Provo malinconia al pensiero che persone così, come Nino, siano quasi alla fine del loro viaggio. Rappresentano simbolicamente quel legame con la terra che non ho mai vissuto veramente, motivo per il quale ogni tanto perdo il senso e mi smarrisco. Sono quelle persone, così rare ormai, che profumano di umano, che sanno amare prima con il cuore e poi con gli occhi, che festeggiano la vita e non conoscono la noia, capaci di dare valore alle cose e alle persone per quello che sono, con i loro pregi e le loro mancanze e che sanno soprattutto che una vita senza amore non è vita vera e che “amare è come lavorare la terra: bisogna scegliere bene il terreno e, una volta che si è sicuri che sia quello giusto, dedicargli tutto il tempo e tutte le attenzioni di cui ha bisogno. O non crescerà niente.” Perché nulla avviene senza sacrifici, perché il raccolto cela fatiche indicibili ed è frutto di lavori lenti e alle volte estenuanti, durante i quali però non si deve mai perdere di vista il traguardo che sta là, in cima. Non esiste il tutto e subito. O forse esiste ma è così effimero che si dissolve nell’istante in cui tentiamo di trattenerlo.
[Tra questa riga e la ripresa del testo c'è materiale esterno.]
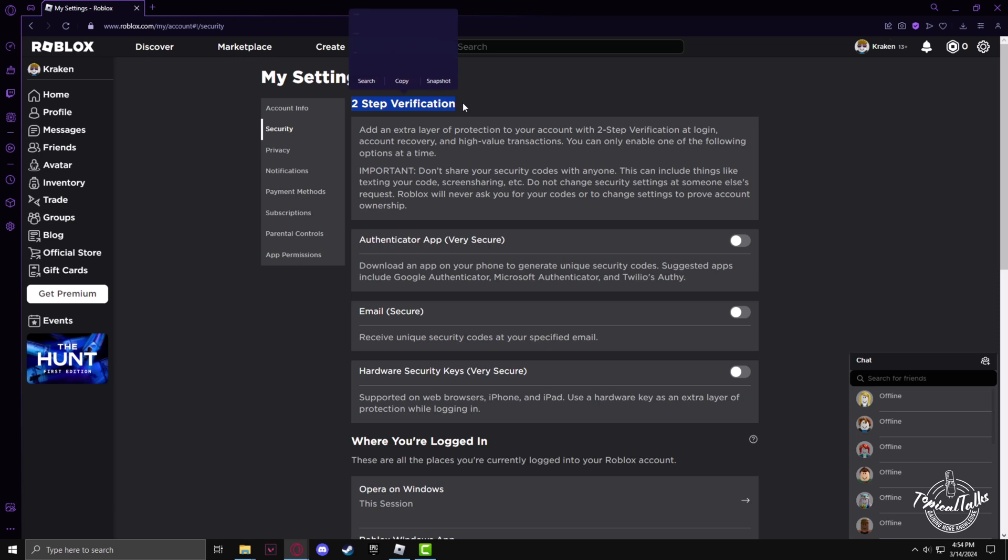In the two-step verification section, make sure that every one of these settings is toggled off. If all these settings are toggled off, then your two-step verification is turned off.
Questo libro mi ha donato poesia e mi ha spudoratamente confermato che “senza tristezza l’arte non sarebbe mai esistita” e che “la fragilità è bellezza” e mi ha confessato che l’intensità delle emozioni giovanili “sanno di puntura d’ortica, di solletico di spighe, di carezze di felci e narcisi… sanno di biciclette sdraiate su un fianco s riprendere i sensi, di corpi acerbi abbandonati sui prati…rapiti dal carminio virato prugna e arancio di tramonti che lasciano senza parole.”
Così, avvolta da questa dolce saggezza, sono giunta alla fine del dialogo intimo di Nino con Bruno, quando il fresco della sera lo interrompe. Mi coccolo ancora un po' con la meraviglia delle sue semplici parole, schiette e pure e con l’incanto di un amore che non sa morire.
“Caterina, che mi hai fatto lo scherzo di confonderti con l’azzurro, quando i miei occhi avevano ancora sete dei tuoi, e le mie orecchie inseguivano ancora le tue parole come il retino di un bambino un volo di farfalle colorate.”
Eterno è ciò che vive dentro. A dispetto di ciò che se ne va.